HANAMAKI, IWATE PREF. – Shohei Otani will become the first potential top draft pick to make the direct jump from a Japanese high school to the major leagues after the right-hander announced his decision to play in the United States on Sunday.
“It was a difficult decision,” said Otani. “There was a conflict of opinions between me and my parents and the people around me and I was in two minds. I fretted about it so I am relieved. I am glad I was able to stick to my guns.”
Otani, the 18-year-old for Hanamaki Higashi High School armed with a fastball clocked at 160 km per hour, has met with three major league teams — the Boston Red Sox, Los Angeles Dodgers and Texas Rangers — and the Baltimore Orioles have also been reported as potential suitors.

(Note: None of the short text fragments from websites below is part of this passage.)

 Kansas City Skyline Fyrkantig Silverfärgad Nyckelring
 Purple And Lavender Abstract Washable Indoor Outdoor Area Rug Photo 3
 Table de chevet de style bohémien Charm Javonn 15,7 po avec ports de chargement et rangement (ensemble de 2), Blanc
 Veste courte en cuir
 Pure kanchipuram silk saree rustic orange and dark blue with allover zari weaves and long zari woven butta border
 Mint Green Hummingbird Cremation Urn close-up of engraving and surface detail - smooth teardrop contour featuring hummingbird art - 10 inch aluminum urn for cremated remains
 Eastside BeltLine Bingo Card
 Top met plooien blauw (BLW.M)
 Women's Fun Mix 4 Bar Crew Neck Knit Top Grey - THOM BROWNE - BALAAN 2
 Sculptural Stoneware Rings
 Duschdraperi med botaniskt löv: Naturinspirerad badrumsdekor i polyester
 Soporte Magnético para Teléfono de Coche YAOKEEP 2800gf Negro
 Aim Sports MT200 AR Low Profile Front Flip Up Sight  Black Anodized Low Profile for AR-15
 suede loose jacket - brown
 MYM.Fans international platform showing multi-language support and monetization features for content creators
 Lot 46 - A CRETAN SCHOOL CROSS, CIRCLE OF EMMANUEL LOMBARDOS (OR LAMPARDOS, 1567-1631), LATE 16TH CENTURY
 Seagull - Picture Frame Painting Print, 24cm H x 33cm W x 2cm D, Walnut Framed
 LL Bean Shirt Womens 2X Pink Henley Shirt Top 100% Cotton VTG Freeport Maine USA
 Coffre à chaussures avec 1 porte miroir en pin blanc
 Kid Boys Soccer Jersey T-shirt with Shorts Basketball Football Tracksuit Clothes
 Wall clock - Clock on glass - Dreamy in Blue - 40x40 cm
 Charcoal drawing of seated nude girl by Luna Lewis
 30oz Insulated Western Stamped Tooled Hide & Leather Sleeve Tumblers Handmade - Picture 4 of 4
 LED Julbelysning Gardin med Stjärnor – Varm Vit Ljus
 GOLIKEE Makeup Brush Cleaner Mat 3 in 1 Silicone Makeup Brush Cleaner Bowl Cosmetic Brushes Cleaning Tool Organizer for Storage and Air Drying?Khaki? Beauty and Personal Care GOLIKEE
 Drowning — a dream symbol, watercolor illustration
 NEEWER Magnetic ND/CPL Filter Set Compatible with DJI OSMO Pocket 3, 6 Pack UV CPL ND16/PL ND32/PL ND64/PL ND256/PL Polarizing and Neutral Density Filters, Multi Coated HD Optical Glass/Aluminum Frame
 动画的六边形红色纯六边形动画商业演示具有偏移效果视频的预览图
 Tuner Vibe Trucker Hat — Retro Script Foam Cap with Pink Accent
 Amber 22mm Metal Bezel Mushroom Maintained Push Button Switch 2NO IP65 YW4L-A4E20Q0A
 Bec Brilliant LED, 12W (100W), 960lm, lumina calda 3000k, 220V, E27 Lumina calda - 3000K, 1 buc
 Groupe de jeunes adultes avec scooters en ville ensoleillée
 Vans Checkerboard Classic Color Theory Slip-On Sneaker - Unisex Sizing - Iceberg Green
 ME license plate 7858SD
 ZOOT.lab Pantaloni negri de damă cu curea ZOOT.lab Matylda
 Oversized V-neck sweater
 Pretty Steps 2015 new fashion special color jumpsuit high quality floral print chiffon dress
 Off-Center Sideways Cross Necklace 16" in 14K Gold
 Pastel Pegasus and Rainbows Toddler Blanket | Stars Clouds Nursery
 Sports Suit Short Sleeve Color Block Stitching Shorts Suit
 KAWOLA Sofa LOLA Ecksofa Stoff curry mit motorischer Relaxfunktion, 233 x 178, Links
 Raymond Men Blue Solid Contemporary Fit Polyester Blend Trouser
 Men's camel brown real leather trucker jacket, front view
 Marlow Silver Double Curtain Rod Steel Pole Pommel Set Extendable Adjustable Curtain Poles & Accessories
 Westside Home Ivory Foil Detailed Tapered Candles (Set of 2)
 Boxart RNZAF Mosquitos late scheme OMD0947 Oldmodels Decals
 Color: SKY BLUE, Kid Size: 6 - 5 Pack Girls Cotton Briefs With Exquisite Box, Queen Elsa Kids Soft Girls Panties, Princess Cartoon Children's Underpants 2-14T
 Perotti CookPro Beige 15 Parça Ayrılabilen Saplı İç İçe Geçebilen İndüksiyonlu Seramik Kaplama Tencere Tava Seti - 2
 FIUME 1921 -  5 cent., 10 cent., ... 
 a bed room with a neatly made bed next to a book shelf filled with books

“I think I will start in the minor leagues, but I want to challenge in the majors,” said Otani. “It has been my dream since entering high school. I felt that I wanted to go (to the majors) while I was still young. I have admiration for Japanese pro baseball too, but more so for the major leagues.
“I looked at pro baseball and the players playing in the major leagues and thought that is what I want to do. Now I want to become the kind of player that people watch and think the same thing,” he said.
The 193-cm Otani was expected to go in the first round of Thursday’s amateur draft had he decided to enter, after meeting with representatives from the Hokkaido Nippon Ham Fighters and the Tohoku Rakuten Golden Eagles.
Logan White, an assistant general manager with the Dodgers, said recently that were Otani an American high school pitcher, he would be a top draft pick in the major league draft.
Otani played for the Japan national team at this summer’s under-18 world championships. He appeared in the National High School Championships last year, as well as the national invitational this spring.
The news comes three years after Hanamaki Higashi lefty Yusei Kikuchi turned down several clubs from the majors. Kikuchi was eventually drafted and signed by the Seibu Lions.
Boston right-hander Junichi Tazawa was the first amateur blue chip to directly sign with a major league team in 2008, when he left his corporate league team to play for the Red Sox.